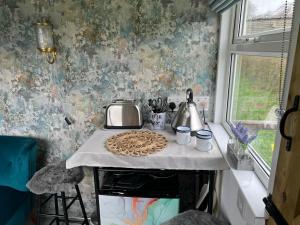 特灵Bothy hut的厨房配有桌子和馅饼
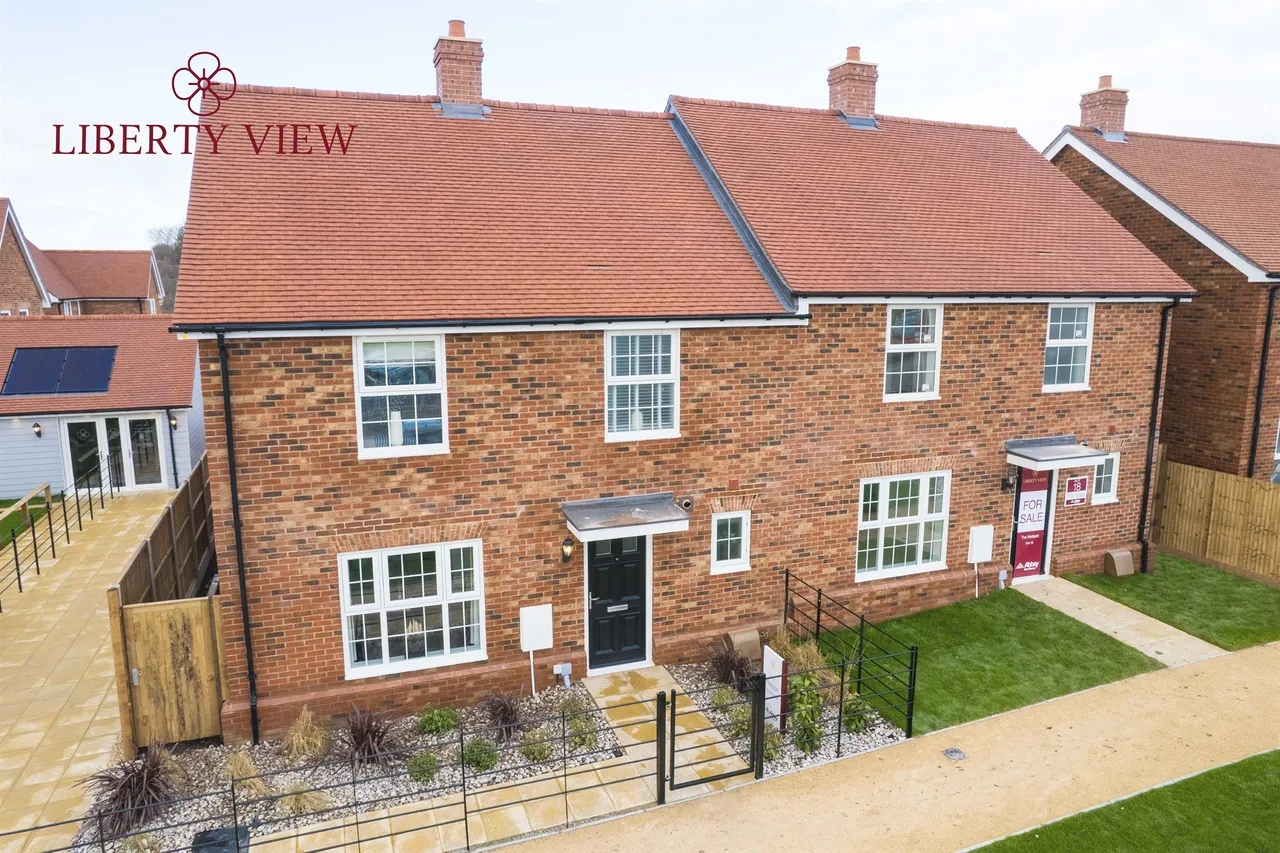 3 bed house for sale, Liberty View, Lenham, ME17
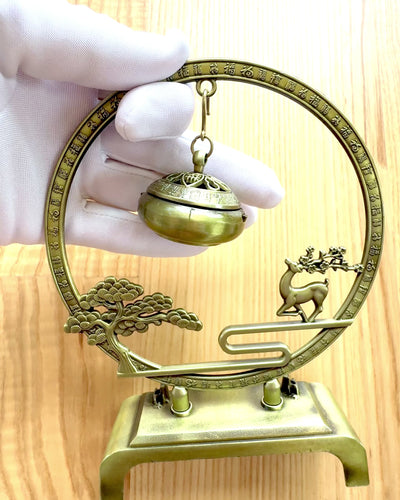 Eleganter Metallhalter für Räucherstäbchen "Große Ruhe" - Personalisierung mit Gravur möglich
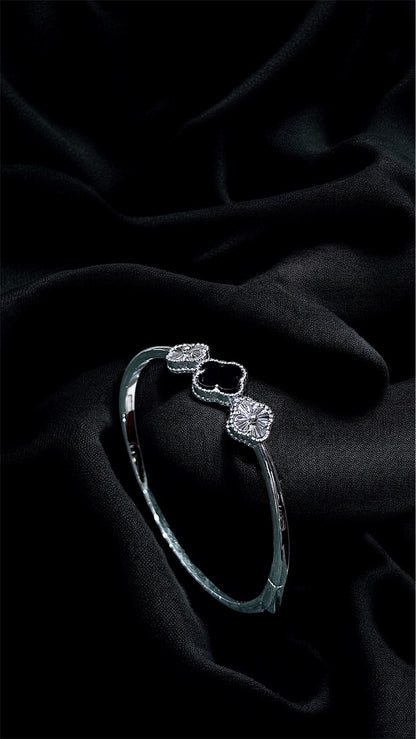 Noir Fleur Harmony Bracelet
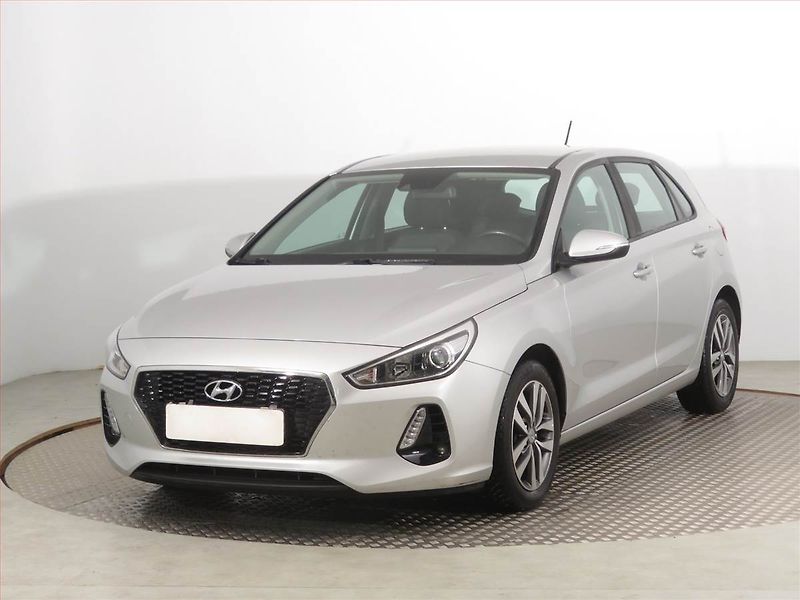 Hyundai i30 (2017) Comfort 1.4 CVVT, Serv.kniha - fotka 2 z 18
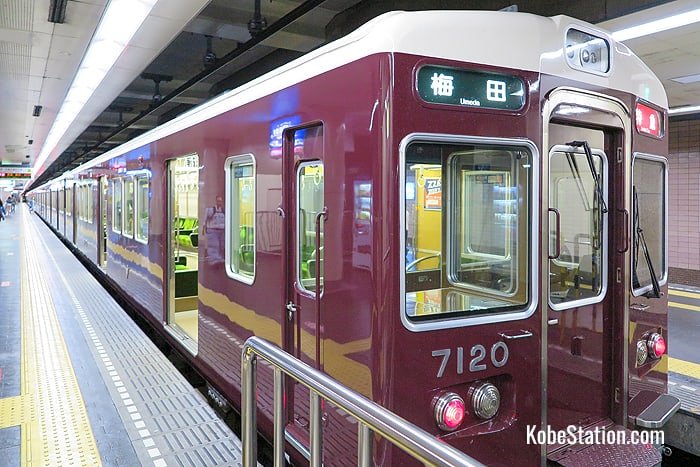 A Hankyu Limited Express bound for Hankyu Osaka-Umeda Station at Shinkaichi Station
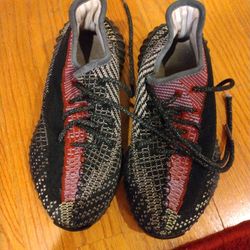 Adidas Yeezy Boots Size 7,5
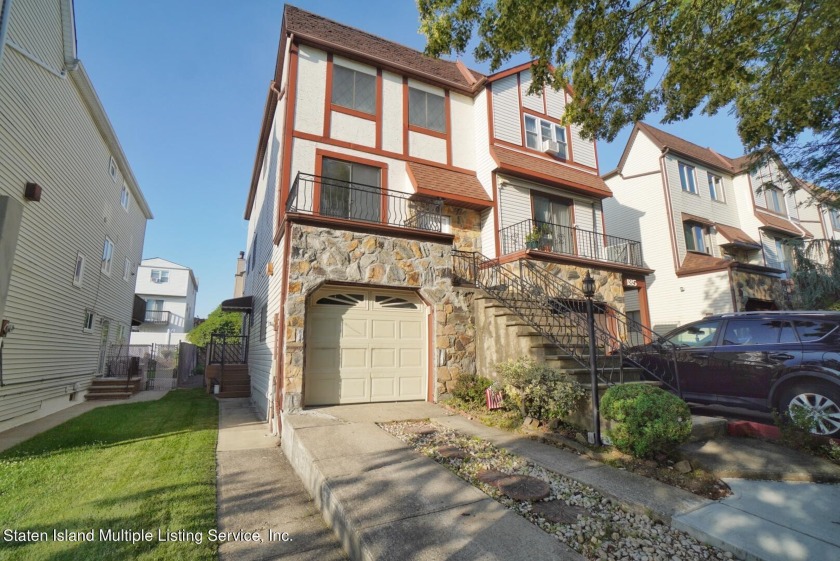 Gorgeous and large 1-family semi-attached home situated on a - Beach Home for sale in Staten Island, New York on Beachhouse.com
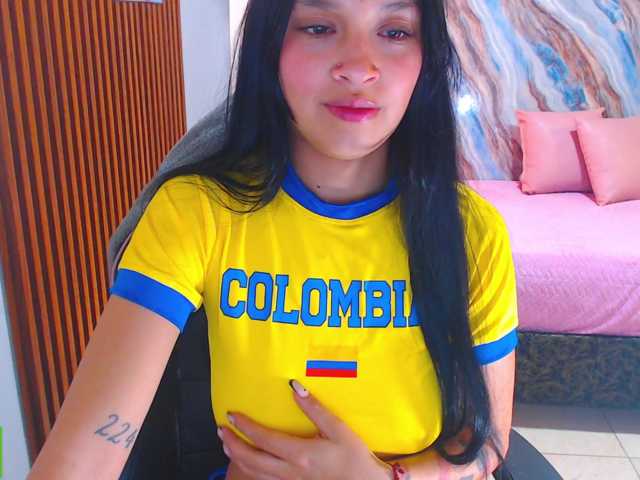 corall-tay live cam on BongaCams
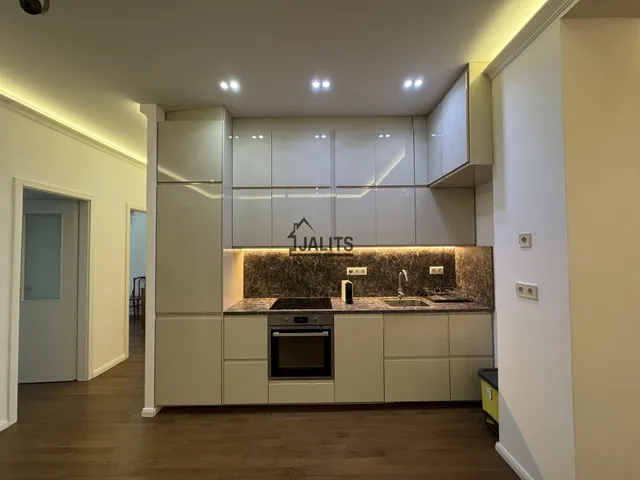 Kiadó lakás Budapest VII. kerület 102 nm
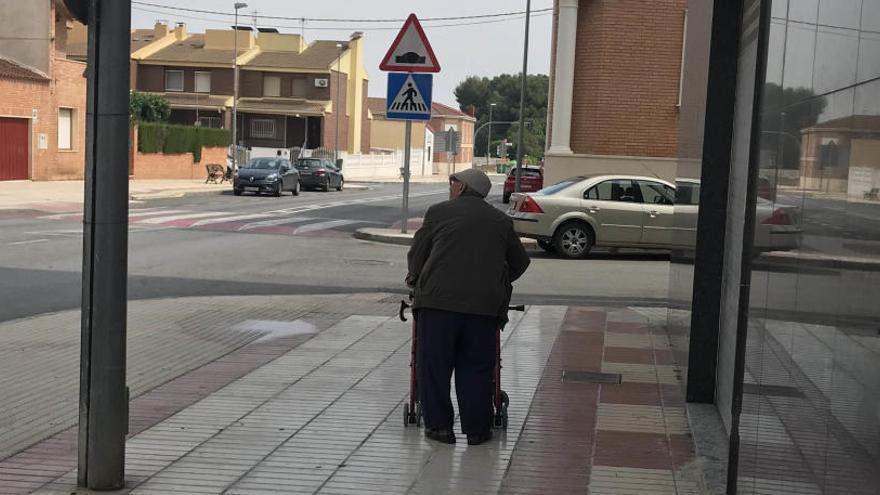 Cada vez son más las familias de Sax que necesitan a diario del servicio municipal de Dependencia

*****

Exactly as written, restate the listing above with its pictures omitted.

 特灵Bothy hut的厨房配有桌子和馅饼
 3 bed house for sale, Liberty View, Lenham, ME17
 Eleganter Metallhalter für Räucherstäbchen "Große Ruhe" - Personalisierung mit Gravur möglich
 Noir Fleur Harmony Bracelet
 Hyundai i30 (2017) Comfort 1.4 CVVT, Serv.kniha - fotka 2 z 18
 A Hankyu Limited Express bound for Hankyu Osaka-Umeda Station at Shinkaichi Station
 Adidas Yeezy Boots Size 7,5
 Gorgeous and large 1-family semi-attached home situated on a - Beach Home for sale in Staten Island, New York on Beachhouse.com
 corall-tay live cam on BongaCams
 Kiadó lakás Budapest VII. kerület 102 nm
 Cada vez son más las familias de Sax que necesitan a diario del servicio municipal de Dependencia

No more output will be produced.